Information shown Block Start

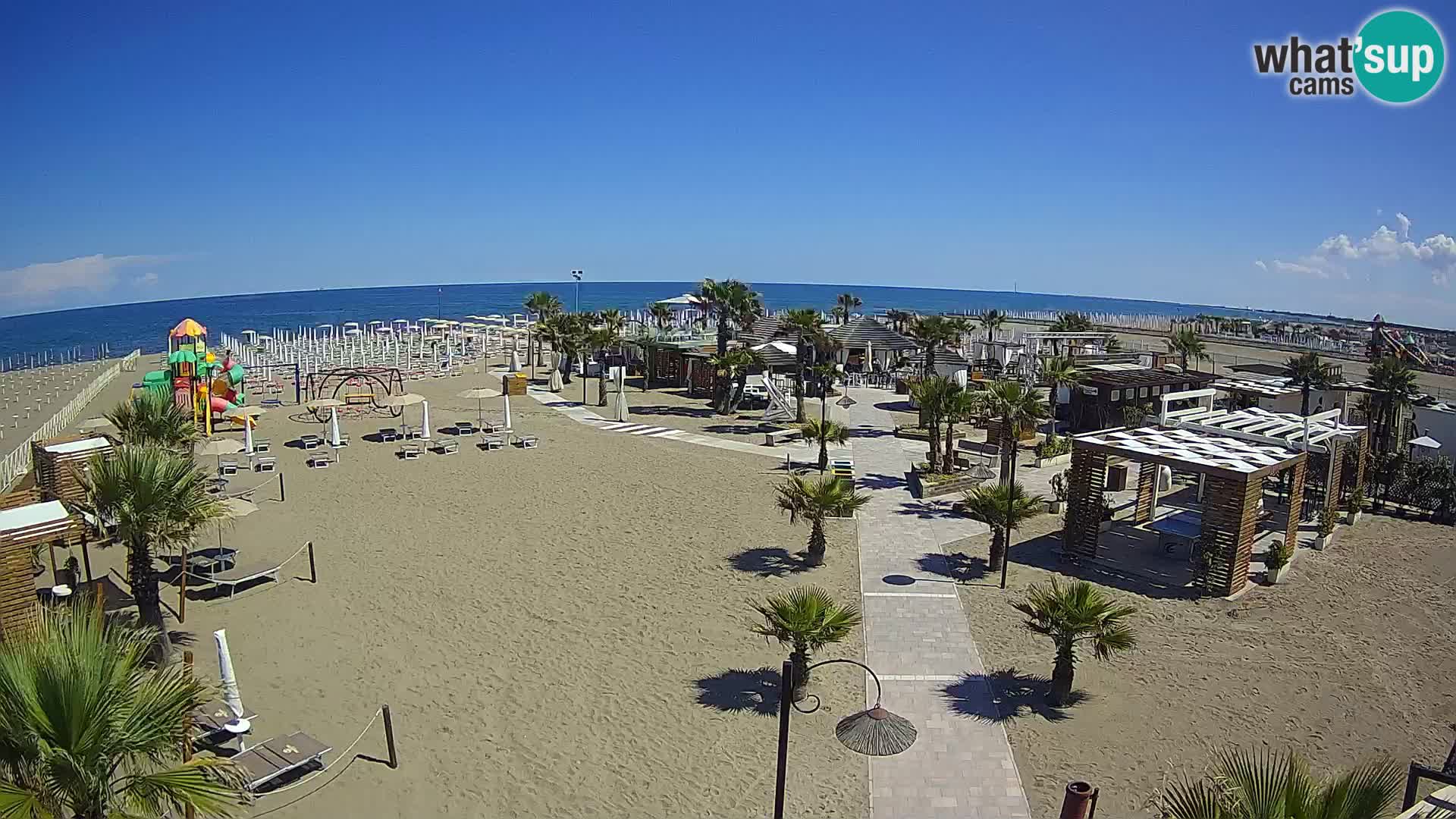 En vivo Bagno Primavera Beach – Piazzale Europa Rosolina Mare webcam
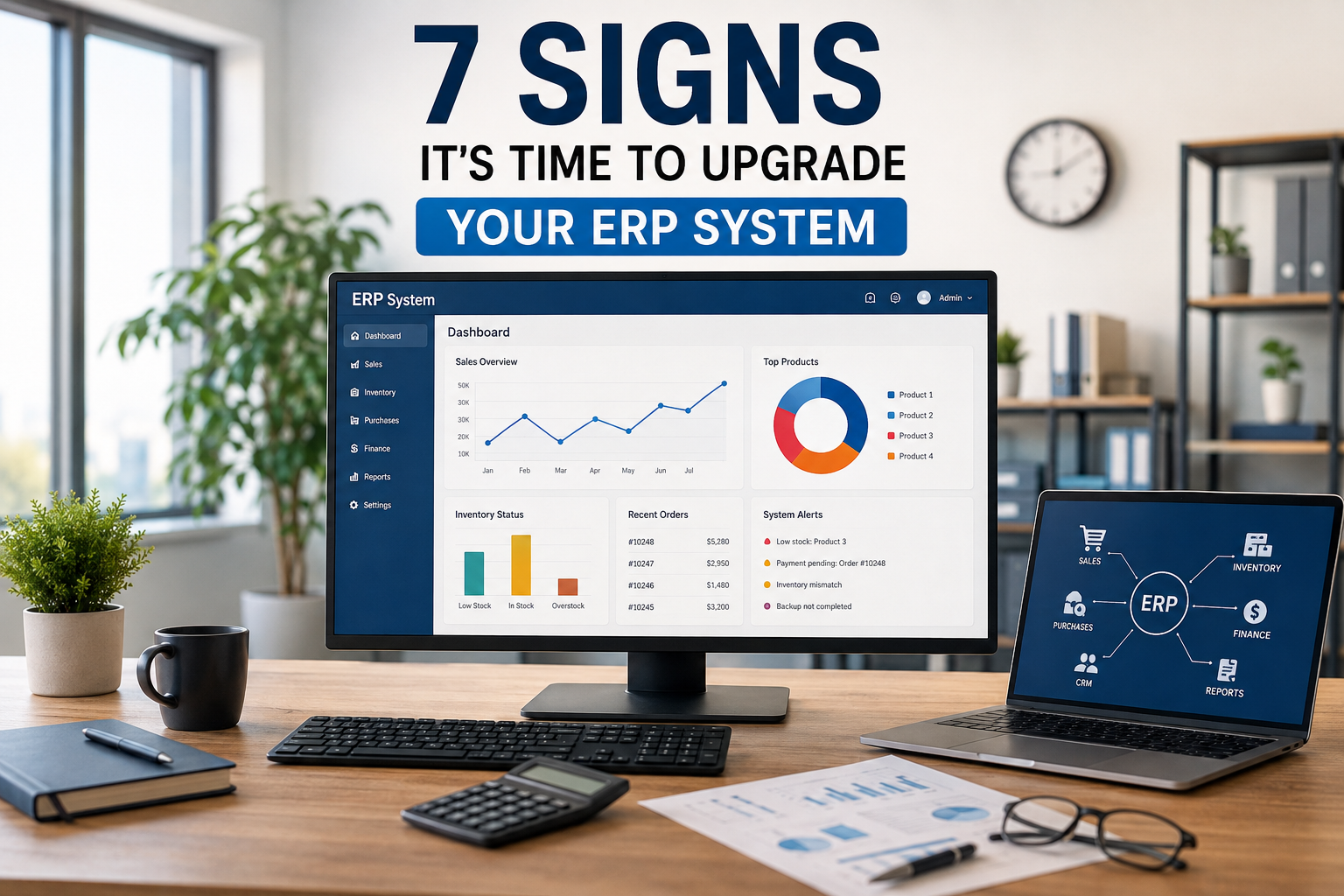 7 honest signs ERP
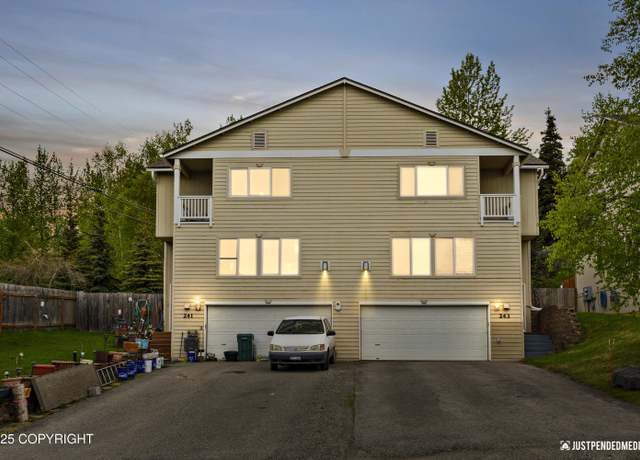 Property at 243 Creekside St #2, Anchorage, AK 99504, 4 beds, 3.5 baths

Information shown Block End

**Task to complete**. Retype the data word for word and keep the pictures out of it.

**Answer box**.
 En vivo Bagno Primavera Beach – Piazzale Europa Rosolina Mare webcam
 7 honest signs ERP
 Property at 243 Creekside St #2, Anchorage, AK 99504, 4 beds, 3.5 baths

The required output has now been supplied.